*** Entries provided Section Begins ***

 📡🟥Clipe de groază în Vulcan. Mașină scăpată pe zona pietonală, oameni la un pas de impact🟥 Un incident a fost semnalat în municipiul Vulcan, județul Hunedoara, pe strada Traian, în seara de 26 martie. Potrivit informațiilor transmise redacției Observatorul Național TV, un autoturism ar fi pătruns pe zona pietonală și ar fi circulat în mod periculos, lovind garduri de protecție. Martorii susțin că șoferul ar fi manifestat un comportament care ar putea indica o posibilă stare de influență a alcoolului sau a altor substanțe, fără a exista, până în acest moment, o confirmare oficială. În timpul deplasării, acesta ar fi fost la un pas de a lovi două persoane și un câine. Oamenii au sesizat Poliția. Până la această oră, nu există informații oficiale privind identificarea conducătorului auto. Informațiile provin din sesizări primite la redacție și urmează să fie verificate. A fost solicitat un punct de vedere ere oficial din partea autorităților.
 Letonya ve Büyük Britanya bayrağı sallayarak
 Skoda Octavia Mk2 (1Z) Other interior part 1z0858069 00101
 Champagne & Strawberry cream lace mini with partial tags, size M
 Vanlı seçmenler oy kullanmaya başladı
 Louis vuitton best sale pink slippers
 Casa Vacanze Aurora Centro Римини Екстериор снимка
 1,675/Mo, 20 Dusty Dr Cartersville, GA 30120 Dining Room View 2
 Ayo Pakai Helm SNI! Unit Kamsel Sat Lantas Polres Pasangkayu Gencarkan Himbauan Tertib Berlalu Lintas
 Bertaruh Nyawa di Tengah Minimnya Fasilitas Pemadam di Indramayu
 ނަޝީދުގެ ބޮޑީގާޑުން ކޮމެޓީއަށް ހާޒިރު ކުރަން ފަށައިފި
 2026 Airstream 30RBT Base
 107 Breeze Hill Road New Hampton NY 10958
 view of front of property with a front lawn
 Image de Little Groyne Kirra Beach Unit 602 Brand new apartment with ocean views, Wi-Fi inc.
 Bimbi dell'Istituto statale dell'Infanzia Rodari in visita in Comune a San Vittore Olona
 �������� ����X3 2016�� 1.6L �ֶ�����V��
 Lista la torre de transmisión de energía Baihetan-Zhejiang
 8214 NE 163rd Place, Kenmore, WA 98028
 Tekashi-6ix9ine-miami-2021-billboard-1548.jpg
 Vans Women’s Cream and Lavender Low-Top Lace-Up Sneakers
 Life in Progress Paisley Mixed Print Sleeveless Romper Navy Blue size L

*** Entries provided Section Ends ***

# [Task item]
Every line above in which the word "size" occurs needs to be copied.

# [Response to this exercise]
 Champagne & Strawberry cream lace mini with partial tags, size M
 Life in Progress Paisley Mixed Print Sleeveless Romper Navy Blue size L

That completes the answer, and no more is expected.